AN ORGANISATION is helping enhance women's roles in farming, writes GENEVIEVE BARLOW

Prue Addlem may not yet epitomise the 21st century farmer, but she will certainly give the industry in her area a fresh image when she returns full-time next month to help run her family's farm.

Prue, 25, who holds degrees in agriculture and business, says there are no other women her age farming around Serpentine, north of Bendigo, where her family grows crops and runs livestock.

Three years ago she joined Australian Women in Agriculture, a national organisation that's about to mark its 17th birthday, for a little female farming mentoring.

"My view is that men (in farming) talk money," Prue says.

"Women don't tend to focus on money.

"I got speaking to a lot of women there (at AWiA). They were a great network and had women from every different farming sector."

Formed in 1993, AWiA has had a fairly low profile, but recently, thanks to agitation by its members, it landed some plum funding from the Federal Government, via Agriculture, Fisheries and Forestry Minister Tony Burke.

In May last year it was granted $50,000 from the Government's Recognising Women Farmers program, to train women in agriculture, fisheries and forestry, building their skills in decision making, strategic thinking, planning and communication.

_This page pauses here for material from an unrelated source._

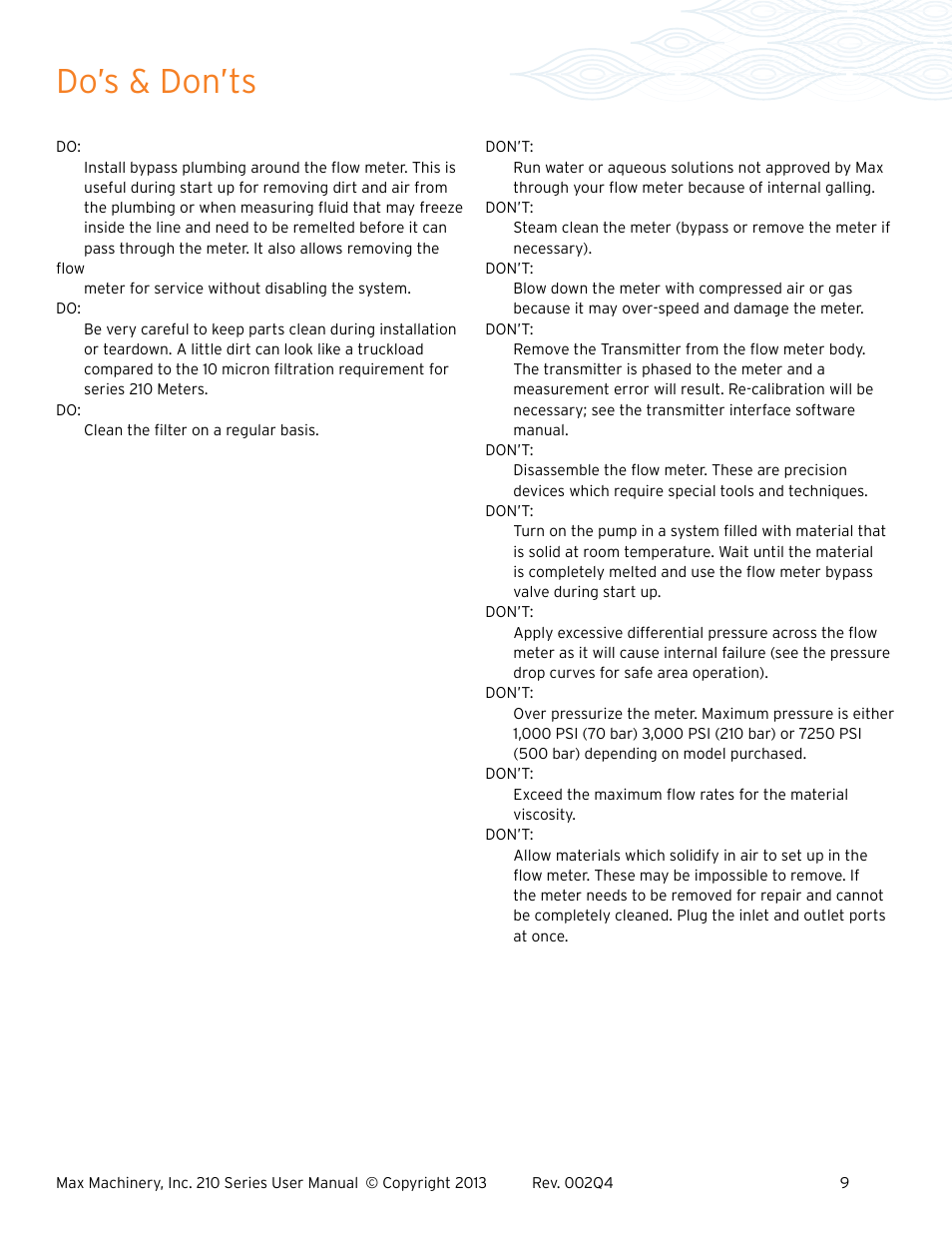 Do’s & don’ts | Max Machinery 216 Piston Flow Meter User Manual | Page 9 / 20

Under the Federal Government's Next Gen Farmers program, which aims to encourage young people into agriculture, the AWiA also received $45,000 to train 16 young women in networking and leadership.

The organisation, led by retired sheep breeder, former secondary school principal and rural sociologist, Dr Pat Hamilton, is clearly encouraging women to step up into bigger, more public roles in agriculture.

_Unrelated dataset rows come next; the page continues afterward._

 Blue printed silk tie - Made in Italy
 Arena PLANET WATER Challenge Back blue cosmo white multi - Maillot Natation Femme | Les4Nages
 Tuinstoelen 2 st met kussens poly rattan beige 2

Frustrated by a continuing blindness to the talents of farming women, which still sees them poorly represented on agricultural company boards and industry committees, AWiA -whose formal mission is to raise the profile of rural women to help make farming sustainable - is working to change this.

Pat says her PhD research, completed in 2007, showed women are equally talented but face the double whammy of lacking confidence and agriculture's tendency to stick with well-networked men.

Non family-friendly meeting hours and field days, plus poorly communicated educational opportunities, exacerbate this, she says, although some sectors are changing.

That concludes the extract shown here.